Communication: diversify communication practices to fit with target publics in order to inform users, persuade them and encourage good cleanliness practices in public spaces.
36. Choosing the right focus: communicating close to the places and times where positive or negative cleanliness behaviours take place or communicating new cleanliness measures on a 360° basis.
Setting up communication actions close to the time and place where positive behaviour needs to take place when the main objective is to change behaviour and encourage good practices. Continuing to develop campaigns based on mass media (television, press, door-to-door leaflets, etc.) when the main objective is to make an announcement or remind people of the existence of a measure.
37. Using multilingual information and awareness-raising campaigns (not just French, Dutch and English) about the rules of cleanliness and waste management.

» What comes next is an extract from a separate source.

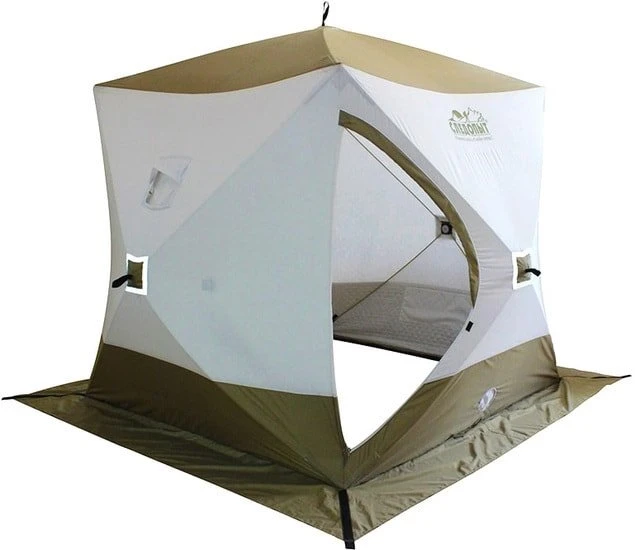 Палатка Следопыт КУБ 3 Premium (белый/оливковый)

Using multilingual information and awareness-raising campaigns (not just French, Dutch and English), organising the use of extra languages at a very local level through local organisations or actions on the ground. These campaigns will be adapted to different audiences (seniors, vulnerable people, illiterate people, etc.), different means of communication (social media, presence on the ground, etc.) and different languages, using symbols and pictograms where necessary.
38. Communicating about positive cleanliness practices on social media, especially for young people and newcomers, by involving influencers.
Increasing the use of digital social media in communication in order to attract the attention of different audiences (young people, newcomers, etc.) and show them good practices in terms of waste management and urban cleanliness, in particular through ‘influencers’ they identify with and respect.
39. Offering the municipalities in particular a practical guide to communication about positive cleanliness practices in public spaces, based on behavioural science.
Providing urban cleanliness actors in the Brussels-Capital Region with ‘practical guides’ in behavioural science, in particular in the context of the new call for cleanliness-related projects aimed at the Brussels municipalities, in order to help them optimise their communication efforts and encourage good cleanliness practices in public spaces better.
40. Communicating within the cleaning services of the municipalities and Bruxelles-Propreté and with the general public to promote cleaning professionals and their contribution to our well-being and the quality of our living environment.
Pursuing internal and external communication actions to assert the value of the cleaning occupations, in order to reinforce the positive perception of these occupations on the part of those who maintain and enhance the beauty of the living environment in our municipalities and our region, but also so as to regularly remind the people of Brussels of the importance of these occupations and the respect that this work deserves.